“El encargo es más importante que el cargo.”
Esta es una frase consentida del presidente Andrés Manuel López Obrador. La ha repetido en al menos una veintena de ocasiones en lo que va de su presidencia. Tiene dos significativos específicos.
Uno es que lo que cuenta es la causa, no el puesto público, que se debe continuar en la brega a pesar de ya no estar en la nómina pública.
Otro es que no importa el organigrama, que se le puede encomendar cualquier tarea a cualquier funcionario, tenga o no facultades para realizarla. Lo que cuenta, al fin y al cabo, es el compromiso con la causa.
De esa práctica gerencial, hay múltiples ejemplos. La secretaria de Seguridad y Protección Ciudadana tiene encomendada la organización de los Tianguis del Bienestar. El titular de Fonatur es el responsable de la construcción del Tren Maya. Los oficiales de la Sedena y la Semar han sido puestos a hacer de todo, desde construir aeropuertos hasta la gestión de proyectos turísticos, pasando por la administración de puertos y aduanas.
Hay además un gran milusos en el gobierno federal: el canciller Marcelo Ebrard. Además de las funciones propias al puesto, el Presidente le ha encargado, entre otras cosas, la adquisición de pipas para Pemex, la compra de vacunas contra el Covid-19 y, como ha sido recordado esta semana, la política migratoria.
Eso no tiene nada malo, hasta que lo tiene. Es decir, hasta que sucede una crisis y todo mundo corre para escapar de la responsabilidad.
Eso es lo que hemos visto en estos días. Luego de la muerte de los migrantes en las instalaciones del Instituto Nacional de Migración en Ciudad Juárez, el secretario de Gobernación, Adán Augusto López, afirmó en una entrevista con Joaquín López Dóriga que “aunque formalmente es la Secretaría de Gobernación, para efectos administrativos [la encargada de operar el sistema migratorio], hay un acuerdo al interior del gobierno y es Marcelo, el secretario de Relaciones Exteriores, quien se encarga del tema migratorio”.

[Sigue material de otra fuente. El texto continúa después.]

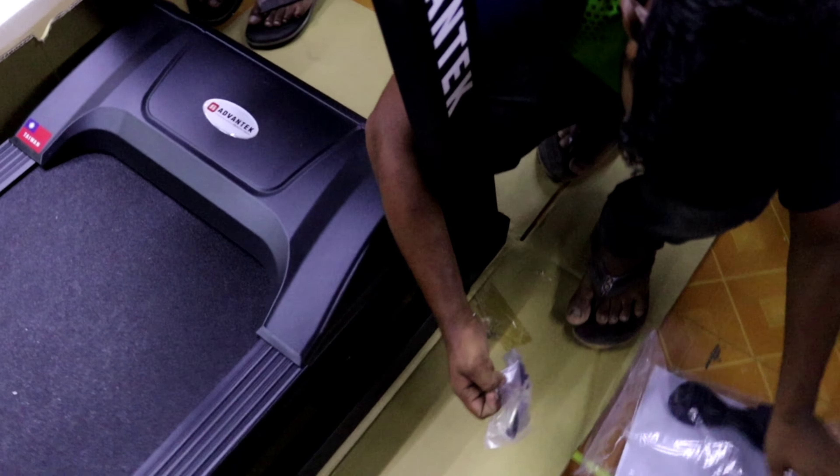We need to hold the power and fold the treadmill. Let's fold it here — we fold it and then flatten it. The machine is now folded flat.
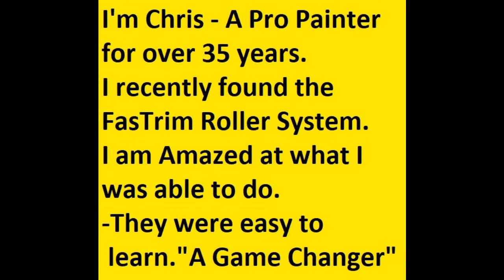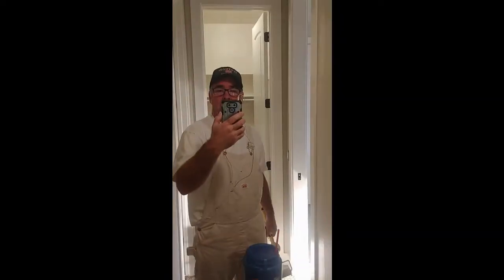Hi, yes, this is Chris. I'm a professional painter. I've been painting for 35 years, and I traditionally have used a brush.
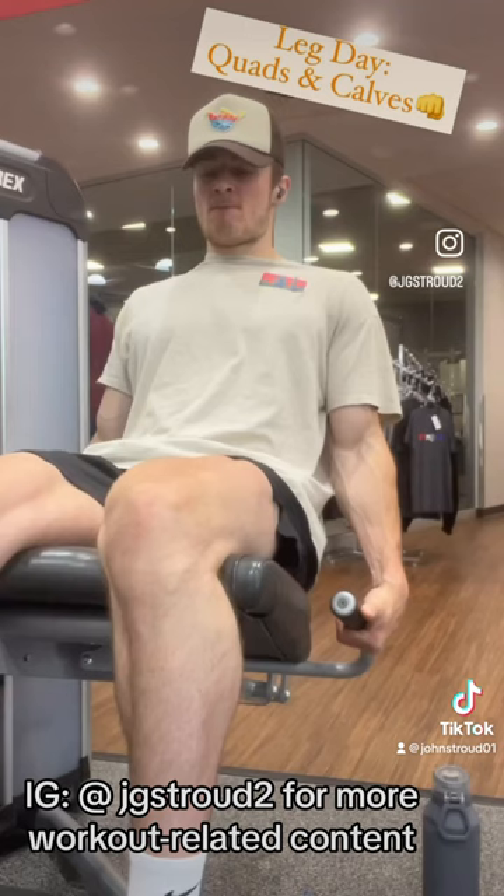Next we're going to go into some quad extensions, finishing off with a heel elevated goblin squat. These are fire. Try it out and stay tuned.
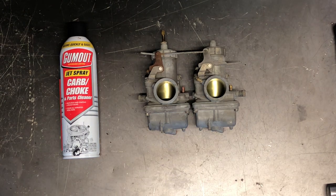Today we'll be going through carburetors on a 1975 Suzuki GT500 motorcycle. This is a two-stroke motorcycle and a twin cylinder, so it has twin carburetors.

Ni tardo ni perezoso, el canciller respondió ese mismo día con un hilo en Twitter en el que afirmaba que “la SRE ha solicitado a la Secretaría de Gobernación y al Inami la información necesaria para compartirla con los países hermanos mencionados” y, para rematar, “cada cual debe hacer lo que le corresponde en esta hora”.
Había aquí un problema: ni el del cargo ni el del encargo estaban dispuestos a asumir la responsabilidad por lo ocurrido y pagar los costos correspondientes.
El presidente López Obrador optó entonces por el descargo: le pidió a la secretaria de Seguridad que pusiera su cara y diera una conferencia de prensa en la que no pudo informar prácticamente nada, salvo que hay investigaciones penales en contra de ocho personas y estaba presente en la estación migratoria personal de una empresa de seguridad privada (no hubo, por supuesto, ningún detalle sobre la susodicha empresa).
Ese es el problema de separar el cargo del encargo: cuando las cosas salen mal (y siempre algo sale mal) las líneas de responsabilidad se cruzan, nadie asume la culpa de nada, y ni siquiera hay quien puede comunicar con precisión lo sucedido. Por razones obvias, eso agudiza nuestro problema ya grave de rendición de cuentas.
No es casualidad que la administración pública esté organizada en silos y funcione en un escalafón vertical. Puede haber colaboración interagencial y comisiones intersecretariales, pero, a final de cuentas, hay un responsable con facultades definidas en ley.
Querer sustituir ese sistema con una serie de nombramientos ad hoc es, como ha quedado probado esta semana, receta para el desastre.